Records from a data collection

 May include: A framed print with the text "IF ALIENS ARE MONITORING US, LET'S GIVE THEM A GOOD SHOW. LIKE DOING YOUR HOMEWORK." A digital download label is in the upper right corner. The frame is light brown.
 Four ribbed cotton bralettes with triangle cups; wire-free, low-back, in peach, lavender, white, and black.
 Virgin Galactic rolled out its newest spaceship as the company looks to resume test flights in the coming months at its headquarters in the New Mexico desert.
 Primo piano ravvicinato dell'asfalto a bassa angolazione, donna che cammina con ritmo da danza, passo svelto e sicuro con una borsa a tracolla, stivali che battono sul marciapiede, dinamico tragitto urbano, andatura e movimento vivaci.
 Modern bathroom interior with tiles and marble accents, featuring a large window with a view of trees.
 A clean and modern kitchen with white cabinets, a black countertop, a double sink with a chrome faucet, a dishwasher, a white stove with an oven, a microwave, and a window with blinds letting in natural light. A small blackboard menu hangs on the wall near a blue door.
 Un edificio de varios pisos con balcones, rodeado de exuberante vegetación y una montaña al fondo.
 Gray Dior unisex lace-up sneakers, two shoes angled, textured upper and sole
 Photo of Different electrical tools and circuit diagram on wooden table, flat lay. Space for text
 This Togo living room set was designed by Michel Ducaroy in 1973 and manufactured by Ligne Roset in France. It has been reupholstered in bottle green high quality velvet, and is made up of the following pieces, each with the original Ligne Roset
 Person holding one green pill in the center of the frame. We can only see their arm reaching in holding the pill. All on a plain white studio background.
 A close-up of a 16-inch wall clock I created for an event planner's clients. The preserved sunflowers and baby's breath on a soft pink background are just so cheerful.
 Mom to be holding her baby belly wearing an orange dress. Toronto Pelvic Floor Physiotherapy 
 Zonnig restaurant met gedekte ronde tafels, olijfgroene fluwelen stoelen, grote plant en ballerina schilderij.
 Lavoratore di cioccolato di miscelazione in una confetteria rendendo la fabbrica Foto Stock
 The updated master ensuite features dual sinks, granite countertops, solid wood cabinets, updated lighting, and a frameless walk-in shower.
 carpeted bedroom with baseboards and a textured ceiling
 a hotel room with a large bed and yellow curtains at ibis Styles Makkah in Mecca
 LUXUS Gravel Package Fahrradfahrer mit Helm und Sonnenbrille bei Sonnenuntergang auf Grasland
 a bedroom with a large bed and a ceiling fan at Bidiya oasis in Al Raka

▶ [ASSIGNMENT] Could you print the lines of the records above from the one containing "Zonnig restaurant met" through the last, exactly and with no additions?

▶ [YOUR SOLUTION]
 Zonnig restaurant met gedekte ronde tafels, olijfgroene fluwelen stoelen, grote plant en ballerina schilderij.
 Lavoratore di cioccolato di miscelazione in una confetteria rendendo la fabbrica Foto Stock
 The updated master ensuite features dual sinks, granite countertops, solid wood cabinets, updated lighting, and a frameless walk-in shower.
 carpeted bedroom with baseboards and a textured ceiling
 a hotel room with a large bed and yellow curtains at ibis Styles Makkah in Mecca
 LUXUS Gravel Package Fahrradfahrer mit Helm und Sonnenbrille bei Sonnenuntergang auf Grasland
 a bedroom with a large bed and a ceiling fan at Bidiya oasis in Al Raka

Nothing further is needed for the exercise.